(WHAT IS NEEDED) Omit any pictures, and restate word for word only the lines from the one with "MLK T Shirt" through the end of the data below.

(RECORDS FOR THIS EXERCISE)
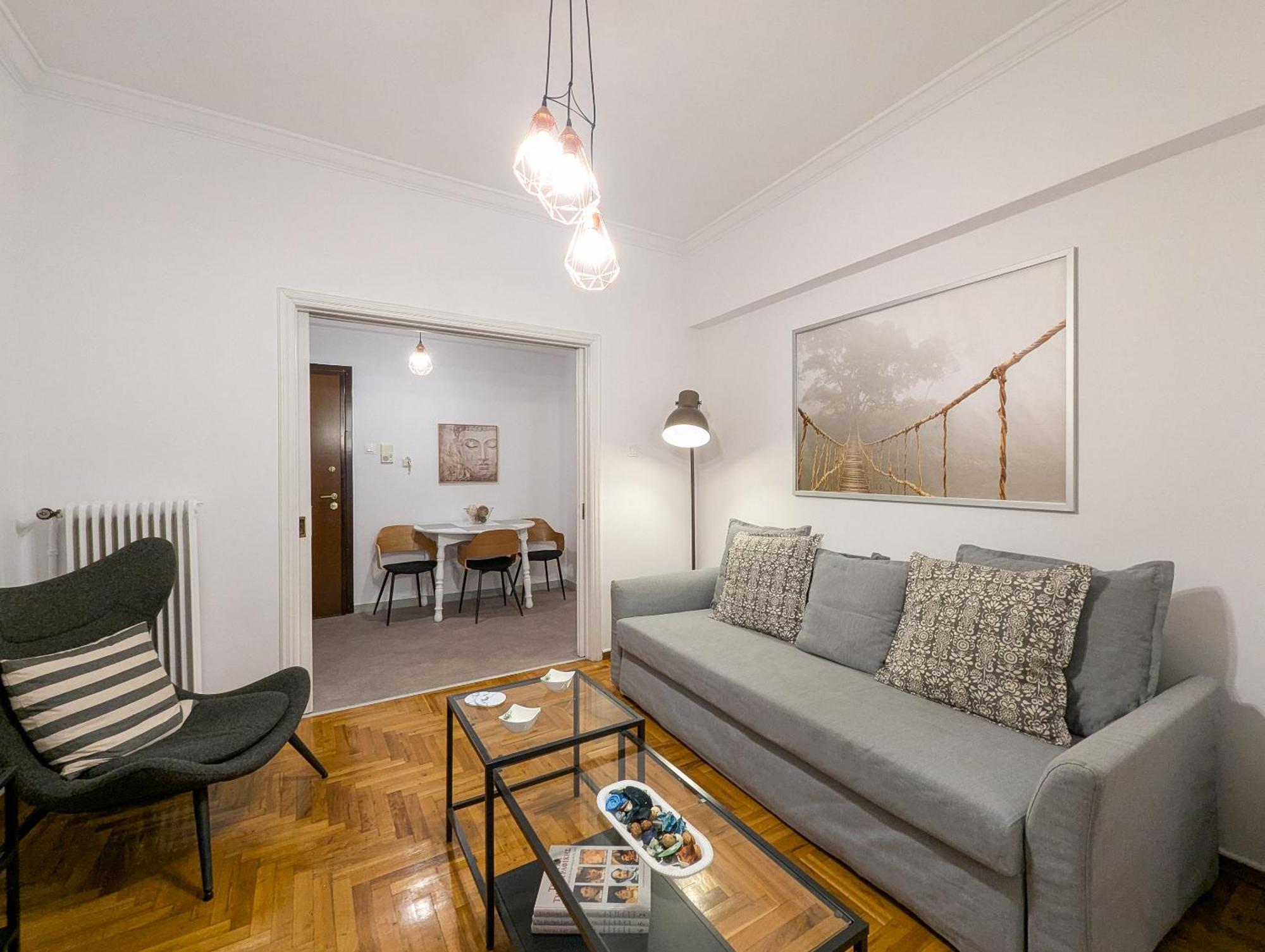 Spacious Apt For 5 Guests Next To Acropolis&Metro Atene Esterno foto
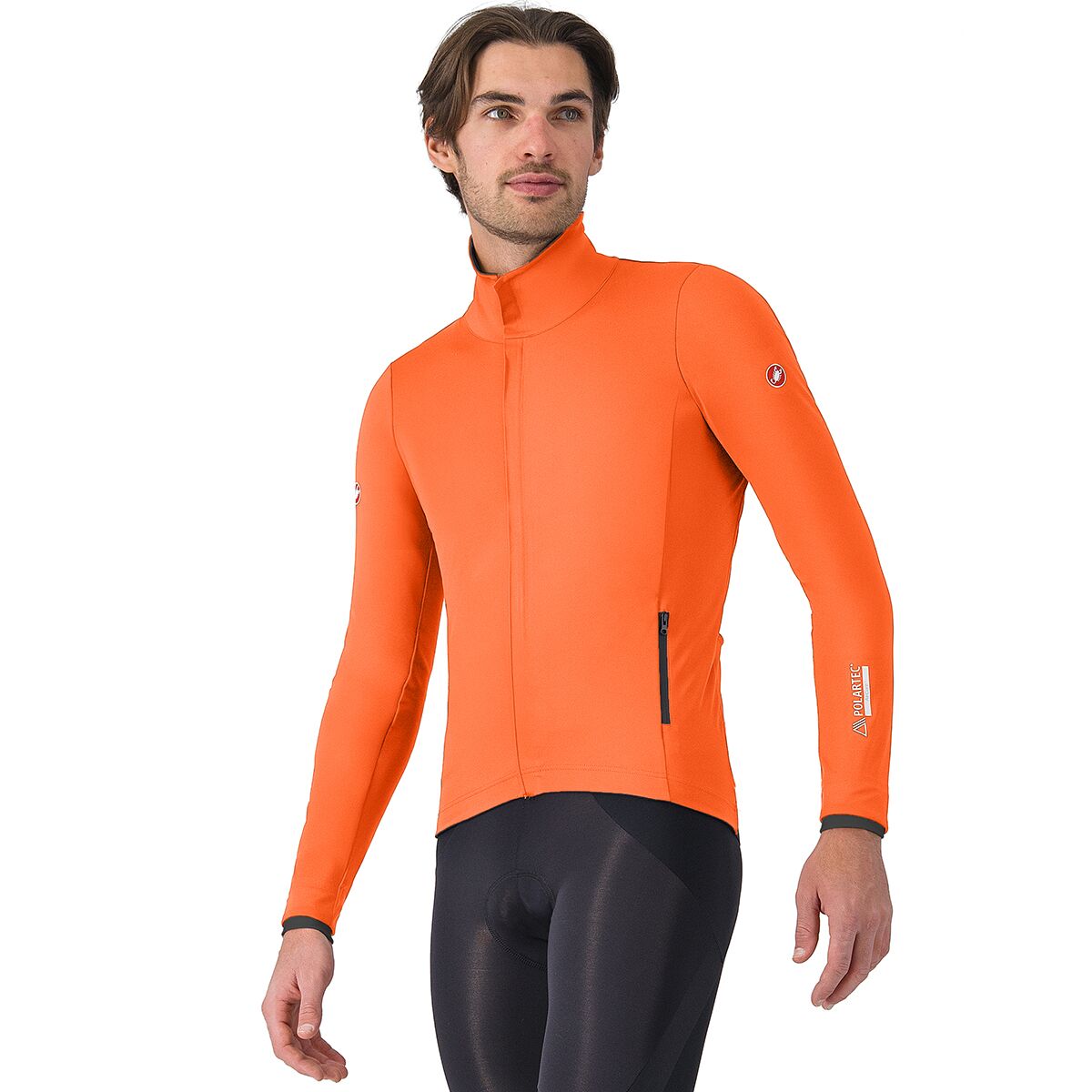 Castelli Castelli Alpha 150 Jacket - Men's Brilliant Orange/Dark Gray, XXL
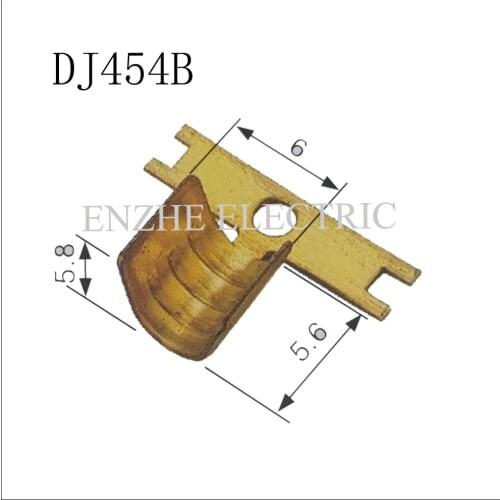DJ454B brass Line card line buckle 1.0-1.5mm2 auto terminal brass Plug-in terminal spring wire connector cable automotive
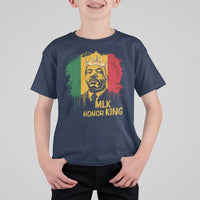 MLK T Shirt For Kid Honor King Civil Rights Leader Black History Month - Wonder Print Shop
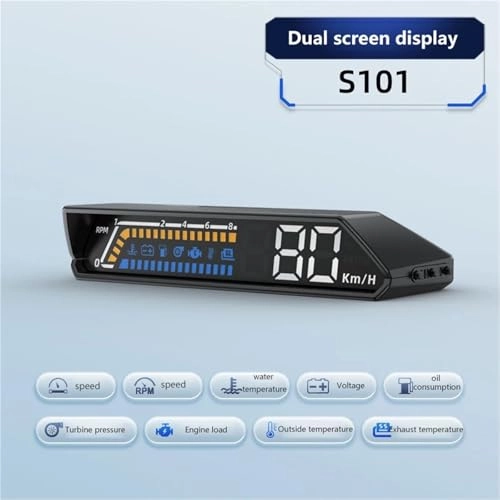 Dual Screen Car Speedometer Digital HUD ODB - Style2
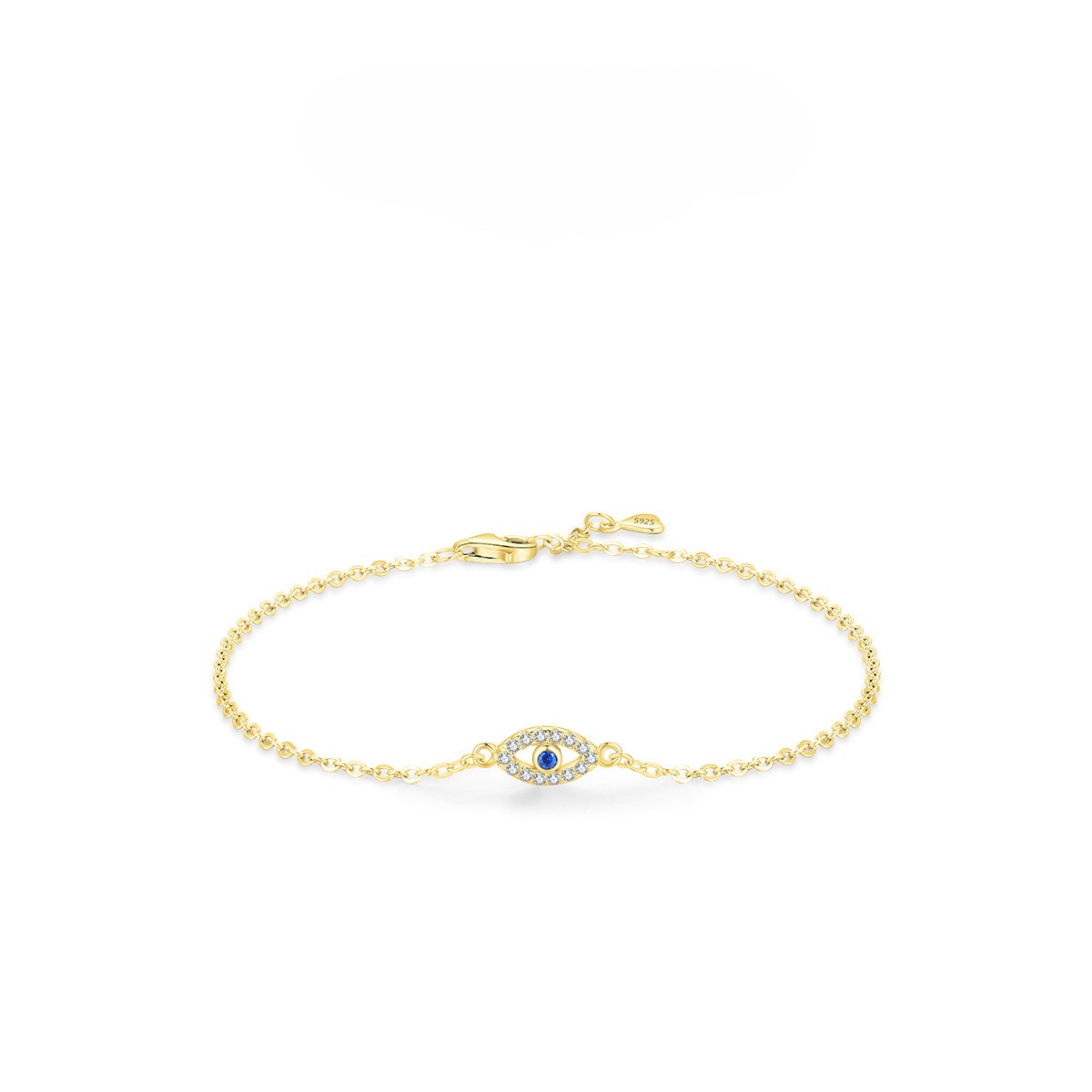 Blue Eye Bracelet / Ring / Set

(RESPONSE TO THE TASK)
 MLK T Shirt For Kid Honor King Civil Rights Leader Black History Month - Wonder Print Shop
 Dual Screen Car Speedometer Digital HUD ODB - Style2
 Blue Eye Bracelet / Ring / Set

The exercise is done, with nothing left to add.